In den Schwesternzimmern wurde dies zunächst augenzwinkernd registriert, eine Eigentümlichkeit, der man anfänglich kaum Beachtung schenkte. Ja, es wurden sogar Witze gerissen, wie denn der Pflegedienst mit seinen Härten von Zeit zu Zeit durchaus nach heiteren Momenten verlangt. Anfänglich gab das möglicherweise zu erwartende Ableben einer Person nach dem häufigen Besuch der Stationskatze noch Anlass zu spaßigen Wetten. Einmal wurde eine  eintreffende Vorhersage sogar mit einer Geschenkpackung ‚MonCherie’ entlohnt!

Allmählich sensibilisiert, verdichtete sich der Verdacht, dass mit dem häufigen Besuch der Katze das baldige Ableben der Besuchten einherging. Dies veränderte die Stellung der Katze innerhalb der Abteilung aufs nachdrücklichste. Was zunächst das Personal noch zu Späßen ermunterte, wurde durch die zunehmenden Regelhaftigkeit und deren empirische Unterfütterungen bitterer Ernst.
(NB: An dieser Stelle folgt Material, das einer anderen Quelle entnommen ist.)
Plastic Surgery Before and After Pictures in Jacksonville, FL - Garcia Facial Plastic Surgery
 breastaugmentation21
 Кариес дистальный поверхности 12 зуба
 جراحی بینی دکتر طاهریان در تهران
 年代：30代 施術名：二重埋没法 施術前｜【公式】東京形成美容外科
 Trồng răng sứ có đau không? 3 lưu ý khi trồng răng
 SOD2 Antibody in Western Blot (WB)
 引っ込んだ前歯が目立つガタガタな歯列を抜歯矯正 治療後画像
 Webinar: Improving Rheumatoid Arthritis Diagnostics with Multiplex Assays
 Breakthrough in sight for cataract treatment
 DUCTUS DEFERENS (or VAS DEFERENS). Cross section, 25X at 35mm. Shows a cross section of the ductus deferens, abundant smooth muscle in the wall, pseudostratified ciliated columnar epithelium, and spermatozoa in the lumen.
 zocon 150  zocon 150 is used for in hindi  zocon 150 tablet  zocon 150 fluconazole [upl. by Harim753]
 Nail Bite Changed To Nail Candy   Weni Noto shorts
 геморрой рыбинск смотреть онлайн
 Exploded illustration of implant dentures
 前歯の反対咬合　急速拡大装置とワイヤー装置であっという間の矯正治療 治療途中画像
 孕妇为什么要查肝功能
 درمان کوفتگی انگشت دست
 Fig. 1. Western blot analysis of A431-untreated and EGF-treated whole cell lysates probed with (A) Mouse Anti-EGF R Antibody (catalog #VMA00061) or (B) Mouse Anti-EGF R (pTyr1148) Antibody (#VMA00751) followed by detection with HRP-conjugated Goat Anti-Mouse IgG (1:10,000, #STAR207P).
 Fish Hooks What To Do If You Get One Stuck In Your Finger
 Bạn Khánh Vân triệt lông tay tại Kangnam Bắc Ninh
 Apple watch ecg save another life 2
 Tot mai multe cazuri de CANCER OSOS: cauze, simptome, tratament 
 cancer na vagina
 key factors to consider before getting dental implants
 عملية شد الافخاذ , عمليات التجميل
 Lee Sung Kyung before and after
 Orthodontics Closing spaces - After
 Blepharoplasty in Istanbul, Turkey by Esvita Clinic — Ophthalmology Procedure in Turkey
Dabei wurde der Kreis der dies Ahnenden  zunehmend größer. Es war nicht mehr auszuschließen,  dass der Verdacht, innerhalb der Station eine behaglich schnurrende Todesbotin zu beherbergen, bis zu den Pflegeinsaßen durchsickerte.

So entschloss sich die Heimleitung zur großen Irritation und Trauer der Heimbewohner, die Katze in ein anderes Heim zu geben.

Wobei angefügt werden muss, dass es sich dabei um ein Tierheim handelte.